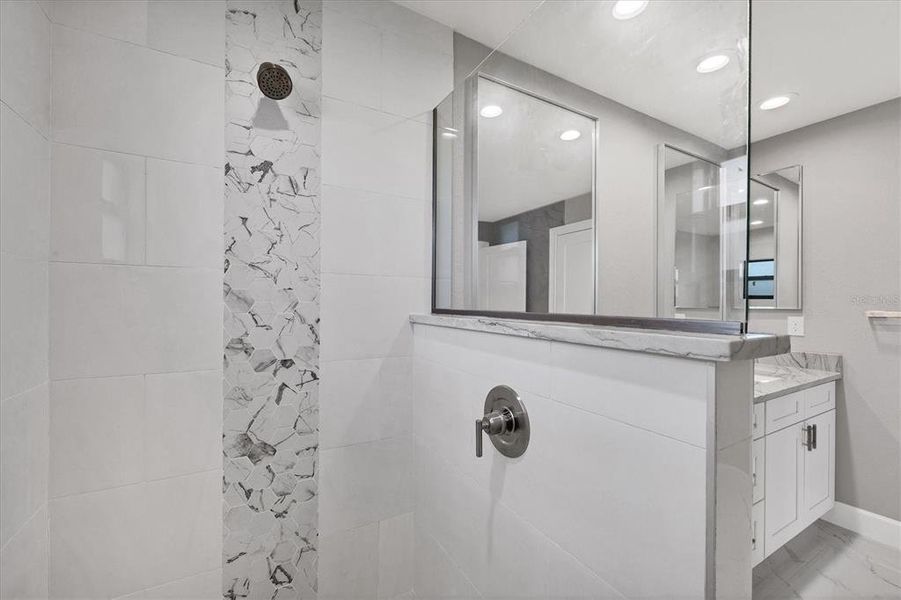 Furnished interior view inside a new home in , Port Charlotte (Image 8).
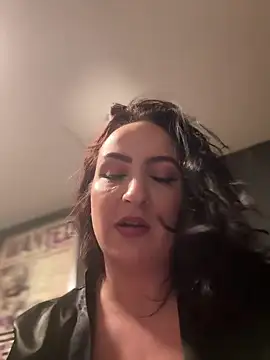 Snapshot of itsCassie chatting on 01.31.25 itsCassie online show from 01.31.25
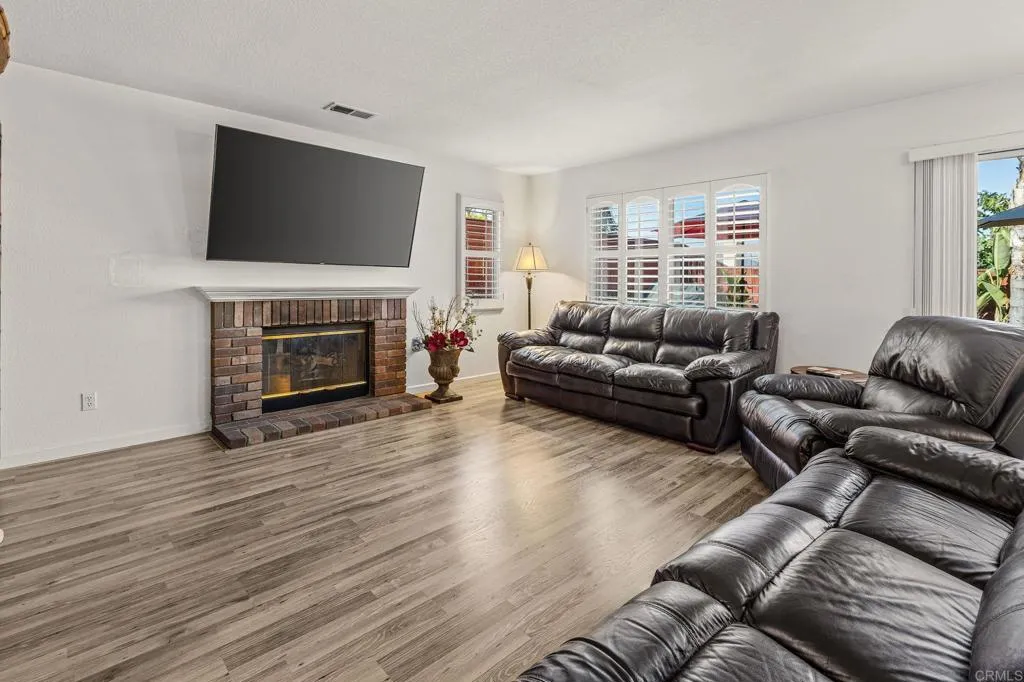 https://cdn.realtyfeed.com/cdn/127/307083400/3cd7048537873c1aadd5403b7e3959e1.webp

INSTRUCTIONS TO FOLLOW: Top to bottom, retype the listing exactly but drop every picture.

EXPECTED OUTPUT:
 Furnished interior view inside a new home in , Port Charlotte (Image 8).
 Snapshot of itsCassie chatting on 01.31.25 itsCassie online show from 01.31.25
 https://cdn.realtyfeed.com/cdn/127/307083400/3cd7048537873c1aadd5403b7e3959e1.webp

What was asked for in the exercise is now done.